Please return the listing exactly as written, but without its pictures.

*Data shown:*
○ ○ ○
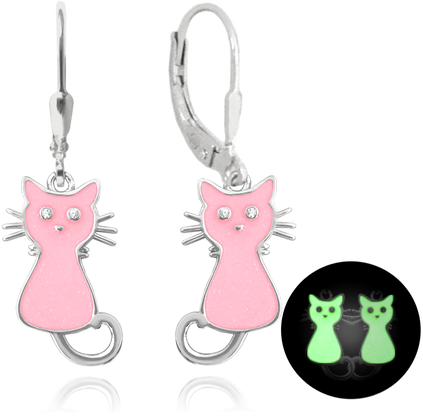 MINET Dziecięce srebrne kolczyki świecące KOTY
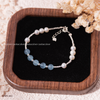 Lắc tay bạc Việt Nam ngọc trai Freshwater Aquamarine Serenity phối đá Aquamarine xanh nhạt tinh khôi  | Cáo Bạc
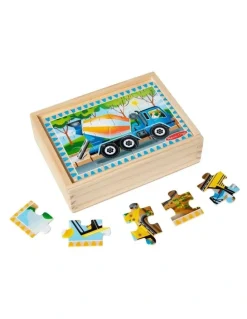Melissa & Doug Construction Vehicles 4 in1 Wooden Jigsaw Puzzle
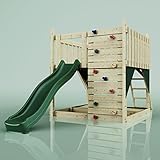 Rebo Spielturm mit Wellenrutsche | Outdoor Klettergerüst Garten inkl. Kletterwand und...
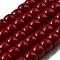 Opaque Glass Beads Strands, Barrel, FireBrick, 8x6mm, Hole: 1.6mm, about 61~62pcs/strand, 14.84''~15.16''(37.7~38.5cm)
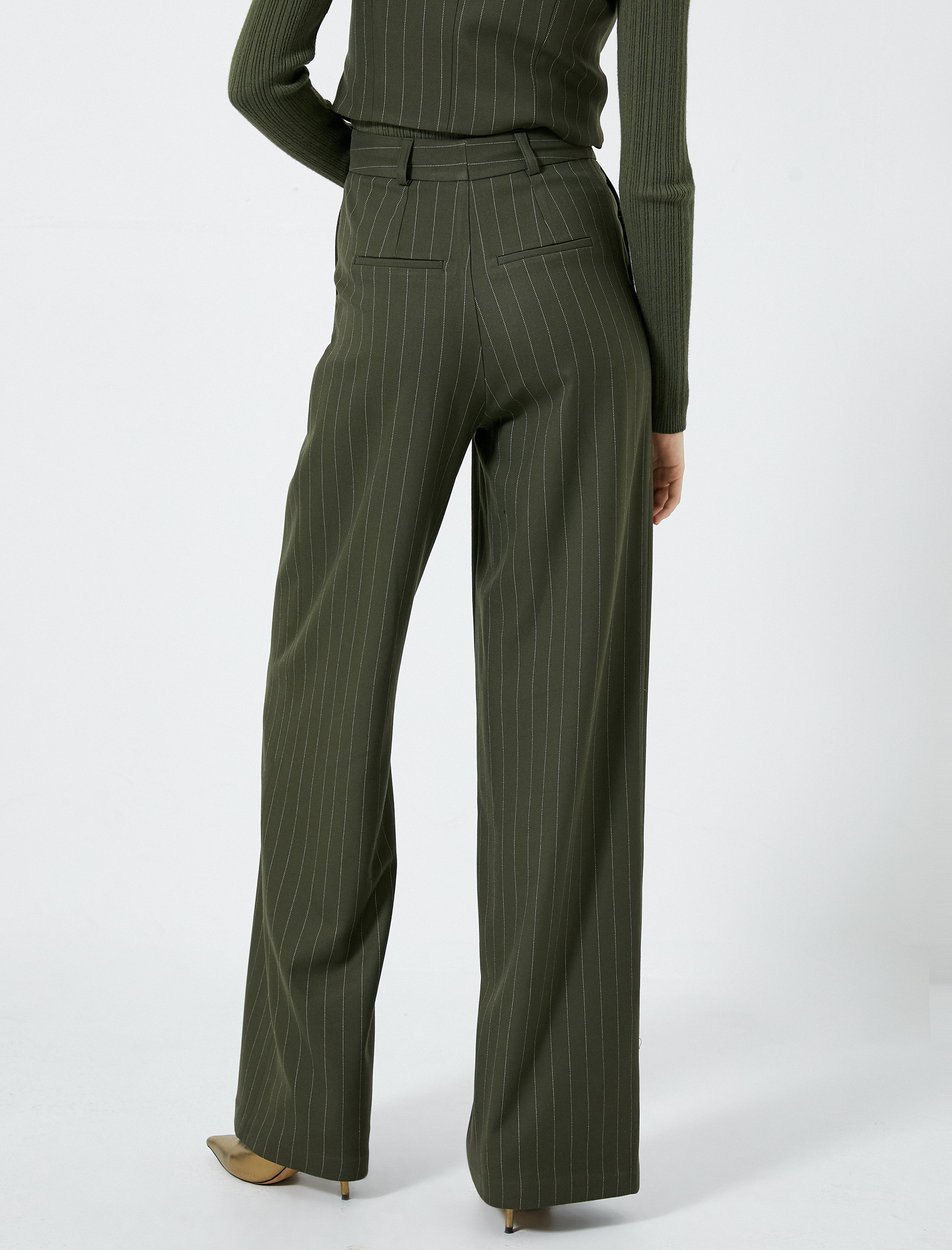   Palazzo Pantolon Pile Detaylı Yüksek Bel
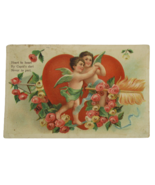 Vintage Valentines Day Postcard Cupids in Heart w Arrow Embossed 1910-19... - $9.88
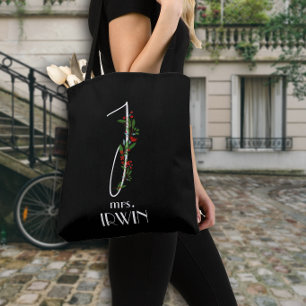 Bolso De Tela Monograma de caligrafía acuarela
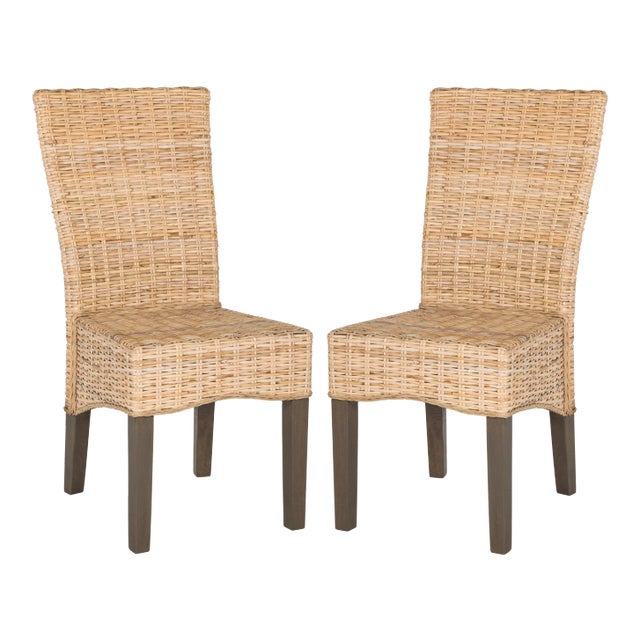 Grace 19''H Wicker Dining Chair in Natural - a Pair For Sale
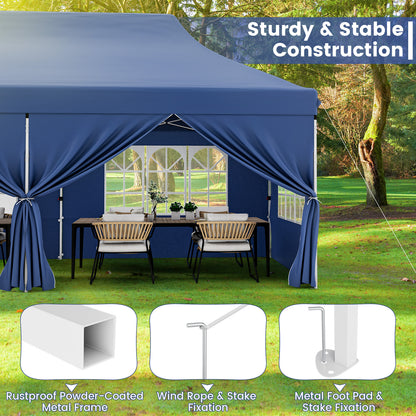 10 x 20 FT Pop Up Canopy With 6 Sidewalls, Windows, Carrying Bag, Blue Canopies at Gallery Canada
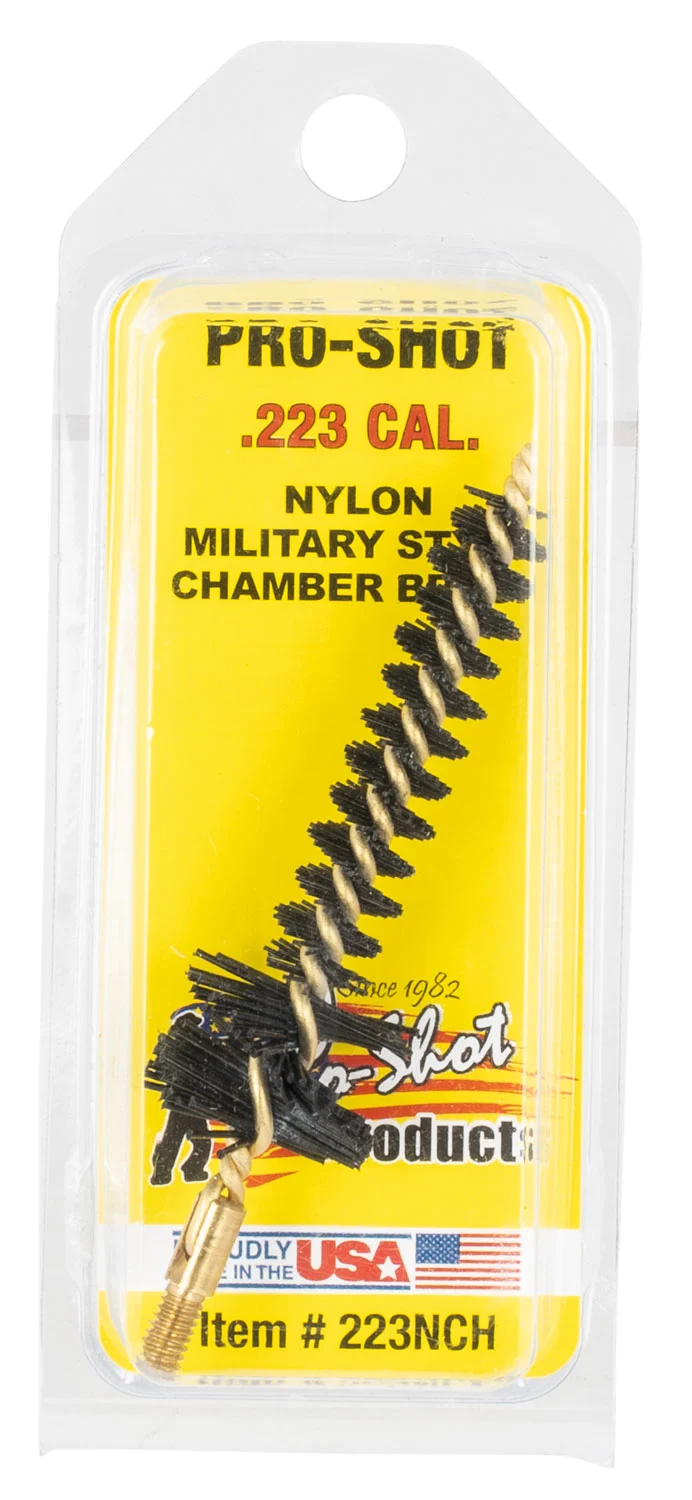 Pro-Shot 223NCH Chamber Brush Military 223 Rem,5.56x45mm NATO Brass Core Nylon Bristle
○ ○ ○
*Worked solution:*
 MINET Dziecięce srebrne kolczyki świecące KOTY
 Lắc tay bạc Việt Nam ngọc trai Freshwater Aquamarine Serenity phối đá Aquamarine xanh nhạt tinh khôi  | Cáo Bạc
Melissa & Doug Construction Vehicles 4 in1 Wooden Jigsaw Puzzle
 Rebo Spielturm mit Wellenrutsche | Outdoor Klettergerüst Garten inkl. Kletterwand und...
 Opaque Glass Beads Strands, Barrel, FireBrick, 8x6mm, Hole: 1.6mm, about 61~62pcs/strand, 14.84''~15.16''(37.7~38.5cm)
   Palazzo Pantolon Pile Detaylı Yüksek Bel
 Vintage Valentines Day Postcard Cupids in Heart w Arrow Embossed 1910-19... - $9.88
 Bolso De Tela Monograma de caligrafía acuarela
 Grace 19''H Wicker Dining Chair in Natural - a Pair For Sale
 10 x 20 FT Pop Up Canopy With 6 Sidewalls, Windows, Carrying Bag, Blue Canopies at Gallery Canada
 Pro-Shot 223NCH Chamber Brush Military 223 Rem,5.56x45mm NATO Brass Core Nylon Bristle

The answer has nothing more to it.